D’entre les larmes, l’innocence
Puisque les enfants sont de la fleur de chardon, la poésie en prose ou en vers devient douloureuse et « pansive ». Maria Postu en délivre, pour guérir de tout, une errance rare mais aussi son sommaire de l’existence. Parfois, dans la robe qu’elle revêt – celle de l’humilité plus que l’humanité – la poète sait que sa couleur est rouge.
Elle rappelle des morts politiques annoncées en son propre pays. Reste son voyage où elle porte son sac de ce qu’elle a subi. Mais, vers l’existence, entre conjugaison et conjuration, de son enfance jusqu’à aujourd’hui, cette rencontre de ce qu’elle a appris, par son écriture ailée et puissante, prolifère ou disparaît. Bref, le monde est vivant mais l’aube reste parfois plus morte que vivante.
Une telle exploration entre contes adjacents et réflexions profondes mêle biographie et “cantos” époustouflants.

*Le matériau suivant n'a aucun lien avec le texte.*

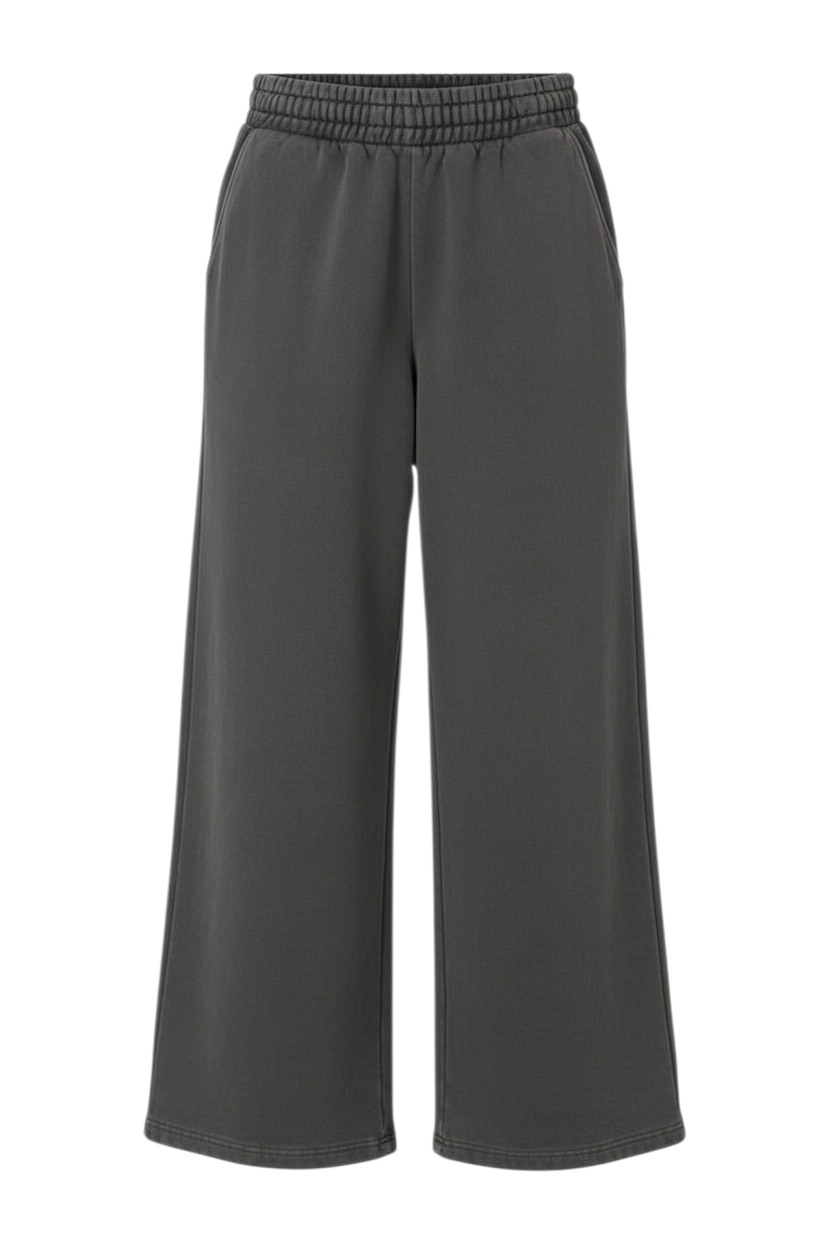 Weekday Women’s Grey Wide-Leg Sweatpants XS Elastic Waist Fleece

Maria Postu cherche à assommer les ténèbres dès sa mère dont elle entend encore ce qu’elle nomme « la face cachée du conteur », mais qui la rend vivante voire jusqu’à extrapoler une forme cosmique rêvée même si, ici, « la rose remplace la lune ». Elle sait que l’univers annonce le crépuscule.
De telles visions demeurent impressionnantes pour celle qui refuse d’appartenir à l’ombre, bien que l’on a voulu écraser ses mots et la chair des foules envahies dans une nouvelle forme de « Metropolis » et ses cloportes. Maria Postu a peu à peu compris, d’abord dans la demi conscience de l’enfance puis dans le réveil qui l’a sublimée.

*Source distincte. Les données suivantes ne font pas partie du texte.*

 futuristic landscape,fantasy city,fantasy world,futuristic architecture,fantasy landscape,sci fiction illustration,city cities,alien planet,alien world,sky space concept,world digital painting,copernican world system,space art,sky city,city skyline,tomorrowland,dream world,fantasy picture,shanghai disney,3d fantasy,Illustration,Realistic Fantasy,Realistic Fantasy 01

Dans ce livre, tout avance. À l’ex nihilo répond une féconde présence révoltée qu’il fallut d’abord tenir et exister. L’auteure a dû lutter, parfois de manière terrible en des poèmes en prose aux évocations abasourdies par la perfection de son écriture. Elle met à mal le chaos du monde. Celle qui se sentait honteuse, quasi “aliénée” par les dangers, décrit ce qu’elle a vécu et qui elle est devenue.

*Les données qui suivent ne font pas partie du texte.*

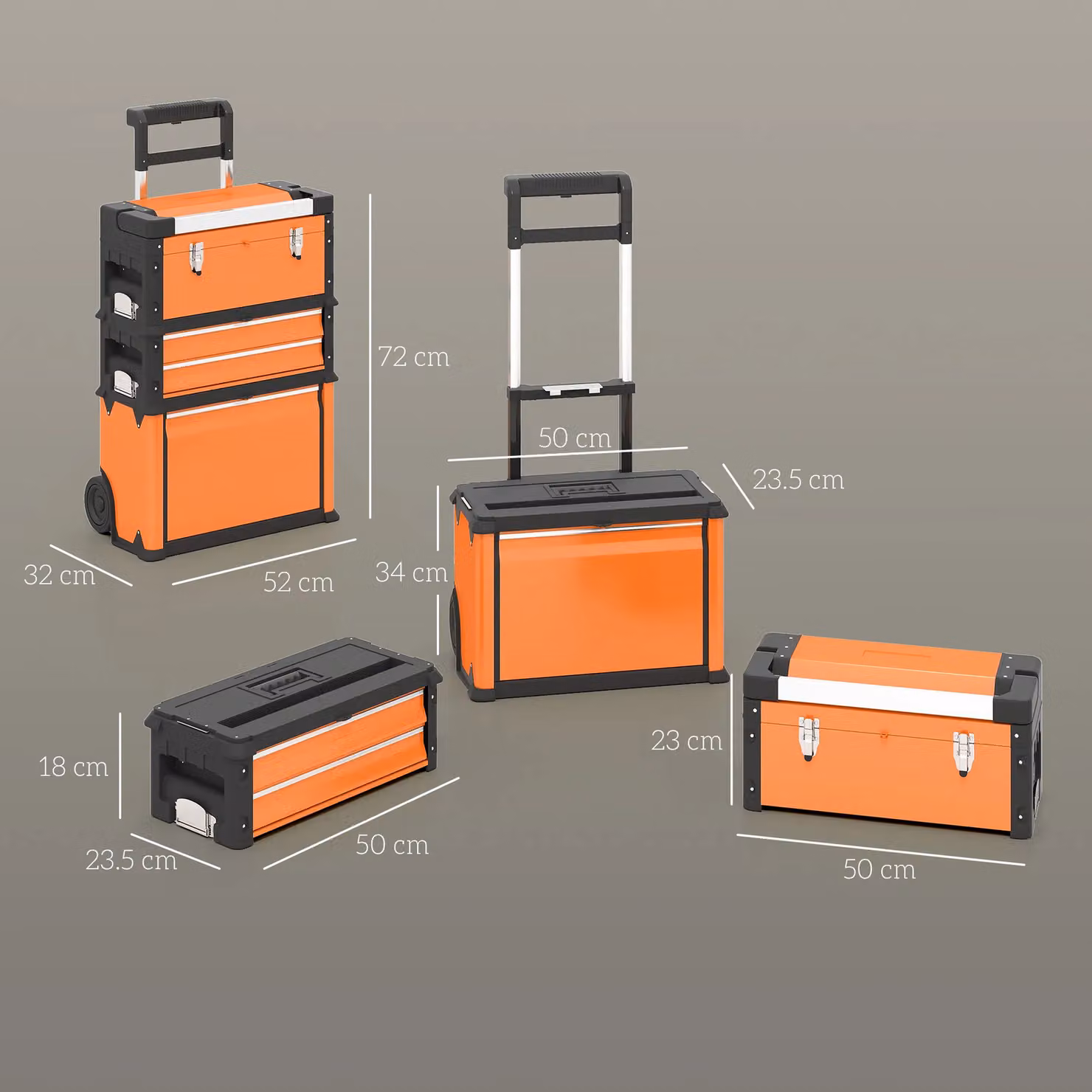 HOMCOM 3-Tier Stackable Steel Rolling Toolbox with Inserts, Orange, W/D/H: 52 x 32 x 72 cm – 3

Chacun est saisi dans ce qui tient de son tragique puis de son ouverture. C’est sans doute le mixage du conte et du vécu. Il donne une originalité confondante et géniale par la grâce de l’acuité visuelle et narrative (mais poétique) du langage imprégné de nostalgie. Moins béat que lucide afin d’un mûrissement, est distillé et instillé ce « manifeste pour l’innocence » que les deux traductrices soulignent. Tout commence de l’enfance puis est sublimé dans ce registre d’une incantation où le lyrisme se refuse aux prosopopées afin de mettre à nu le nerf de ce qui fut et de ce qui est métamorphosé de la nuit du monde à la lumière de l’être.